__THE PROBLEM__
Wherever a line below holds the word "This", copy that line.

Segment Start: PROVIDED MATERIAL

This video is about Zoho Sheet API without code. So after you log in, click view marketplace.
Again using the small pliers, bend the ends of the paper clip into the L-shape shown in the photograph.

Segment End: PROVIDED MATERIAL
Segment Start: PROVIDED MATERIAL

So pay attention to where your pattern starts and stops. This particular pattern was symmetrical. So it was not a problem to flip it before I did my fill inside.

Segment End: PROVIDED MATERIAL

__RESULT OF THE TASK__
This video is about Zoho Sheet API without code. So after you log in, click view marketplace.
So pay attention to where your pattern starts and stops. This particular pattern was symmetrical. So it was not a problem to flip it before I did my fill inside.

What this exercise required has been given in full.